Three Chinese students studying in the San Gabriel Valley will serve prison time for the kidnapping and assault of a classmate under a plea deal reached this week, ending a case that drew international headlines.
The attack in March of last year turned the spotlight on the growing number of so-called parachute kids — mostly Chinese students who live and attend school in Southern California while their parents remain in China.
Authorities alleged that Yunyao "Helen" Zhai, Yuhan "Coco" Yang and Xinlei "John" Zhang were part of a group of teens who forced Yiran "Camellia" Liu to use her hands to wipe cigarette butts and ice cream from the floor of a Rowland Heights ice cream parlor.

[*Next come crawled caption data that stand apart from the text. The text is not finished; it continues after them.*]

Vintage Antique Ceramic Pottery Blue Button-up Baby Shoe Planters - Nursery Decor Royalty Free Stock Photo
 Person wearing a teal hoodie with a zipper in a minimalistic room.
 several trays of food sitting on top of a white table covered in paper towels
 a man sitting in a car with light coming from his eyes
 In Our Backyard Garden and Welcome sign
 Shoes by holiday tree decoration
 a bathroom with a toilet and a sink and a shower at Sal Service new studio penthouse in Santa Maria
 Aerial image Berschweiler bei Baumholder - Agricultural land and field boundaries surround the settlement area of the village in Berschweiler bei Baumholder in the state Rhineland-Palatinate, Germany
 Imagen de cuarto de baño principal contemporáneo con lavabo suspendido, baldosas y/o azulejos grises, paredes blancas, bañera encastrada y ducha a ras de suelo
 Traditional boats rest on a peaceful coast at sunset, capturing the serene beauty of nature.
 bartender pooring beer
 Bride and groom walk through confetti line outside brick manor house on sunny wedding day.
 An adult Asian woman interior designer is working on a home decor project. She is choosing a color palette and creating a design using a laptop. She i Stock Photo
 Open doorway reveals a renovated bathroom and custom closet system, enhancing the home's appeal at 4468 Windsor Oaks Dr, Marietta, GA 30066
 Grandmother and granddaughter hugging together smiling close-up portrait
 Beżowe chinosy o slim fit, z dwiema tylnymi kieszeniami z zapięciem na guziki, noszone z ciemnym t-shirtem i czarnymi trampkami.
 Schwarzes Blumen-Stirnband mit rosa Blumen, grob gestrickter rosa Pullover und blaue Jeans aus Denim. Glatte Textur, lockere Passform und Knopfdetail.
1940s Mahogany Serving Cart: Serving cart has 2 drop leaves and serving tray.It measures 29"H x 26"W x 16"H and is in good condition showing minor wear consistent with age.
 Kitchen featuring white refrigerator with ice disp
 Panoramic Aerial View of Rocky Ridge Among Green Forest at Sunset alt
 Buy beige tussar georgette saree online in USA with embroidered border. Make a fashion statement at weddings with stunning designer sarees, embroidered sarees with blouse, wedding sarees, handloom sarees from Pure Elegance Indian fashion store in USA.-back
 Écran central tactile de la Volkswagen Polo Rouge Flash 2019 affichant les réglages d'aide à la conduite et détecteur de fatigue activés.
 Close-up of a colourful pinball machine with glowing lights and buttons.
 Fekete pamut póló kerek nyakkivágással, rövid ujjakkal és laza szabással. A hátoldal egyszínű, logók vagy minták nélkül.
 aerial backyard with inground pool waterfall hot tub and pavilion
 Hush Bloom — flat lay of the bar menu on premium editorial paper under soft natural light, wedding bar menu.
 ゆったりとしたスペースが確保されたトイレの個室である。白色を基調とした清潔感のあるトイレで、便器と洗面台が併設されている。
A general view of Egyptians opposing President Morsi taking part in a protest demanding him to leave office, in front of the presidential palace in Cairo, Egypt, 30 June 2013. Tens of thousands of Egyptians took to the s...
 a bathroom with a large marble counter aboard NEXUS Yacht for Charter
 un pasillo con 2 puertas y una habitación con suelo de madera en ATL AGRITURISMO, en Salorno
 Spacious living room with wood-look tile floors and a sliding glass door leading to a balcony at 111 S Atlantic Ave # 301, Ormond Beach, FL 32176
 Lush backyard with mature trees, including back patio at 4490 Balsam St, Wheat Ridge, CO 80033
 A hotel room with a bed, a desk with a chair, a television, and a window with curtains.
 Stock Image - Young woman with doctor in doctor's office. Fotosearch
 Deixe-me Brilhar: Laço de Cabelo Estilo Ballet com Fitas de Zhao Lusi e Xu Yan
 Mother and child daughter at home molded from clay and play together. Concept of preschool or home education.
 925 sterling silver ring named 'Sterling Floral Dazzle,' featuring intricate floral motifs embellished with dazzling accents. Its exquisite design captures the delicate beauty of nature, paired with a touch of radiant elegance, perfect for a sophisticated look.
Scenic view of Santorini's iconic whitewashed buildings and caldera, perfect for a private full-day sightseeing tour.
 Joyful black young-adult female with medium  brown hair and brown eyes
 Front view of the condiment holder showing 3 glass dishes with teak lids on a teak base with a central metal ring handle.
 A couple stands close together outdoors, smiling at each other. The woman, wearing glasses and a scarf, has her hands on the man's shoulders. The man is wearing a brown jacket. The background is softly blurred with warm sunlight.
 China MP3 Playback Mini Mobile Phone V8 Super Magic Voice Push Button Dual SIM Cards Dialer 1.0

Liu, who was 18 at the time of the assault, testified that she was taken to a nearby park, stripped naked, kicked with high-heeled shoes, slapped and burned with cigarettes.
The three defendants, who are all now 19 years old, were charged with torture, kidnapping and assault. Attorneys for Zhai and Yang previously acknowledged that their clients participated in the attack. A lawyer for Zhang argued in court that his client was only a bystander.
At the preliminary hearing for the teens, a judge said the case reminded him of "Lord of the Flies," William Golding's 1954 novel about boys stranded on a deserted island.
Under the agreement with prosecutors, the trio will plead no contest to charges of kidnapping and assault, according to Deputy Dist. Atty. Casey Jarvis, who is prosecuting the case. Zhai will be sentenced to 13 years in prison, Yang to 10 and Zhang to six, he said.
Jarvis said his office agreed to drop the torture charge, which carries a sentence of life in prison with the possibility of parole, because the teens had no criminal history.
"We felt in the interest of justice it was the right thing to do," Jarvis said.
Attorney Rayford Fountain, who represents Yang, said the agreement was the best outcome for his client.
"It was too much of a risk to go to trial," Fountain said.
The teens are among thousands of students from mainland China who attend high schools in California without much in the way of parental supervision. In recent years, the number of parachute kids settling in the San Gabriel Valley has surged, mostly in Arcadia, San Marino, Rowland Heights, Temple City and Walnut.
The students pay for room, board and transportation from their hosts, who act as substitute parents. For parachute kids, living in the U.S. is a chance to learn a new language and culture and to escape China's ultra-competitive college entrance exams. Some thrive in their new environment and go on to colleges such as UC Berkeley and UC San Diego. For others, struggles with dating, friendships or school can spiral out of control without the steadying influence of parents and other family members.
A sentencing hearing is scheduled for Feb. 17. A 20-year-old man, Zheng Lu, was arrested on similar charges related to the attack and is awaiting a preliminary hearing, the prosecutor said.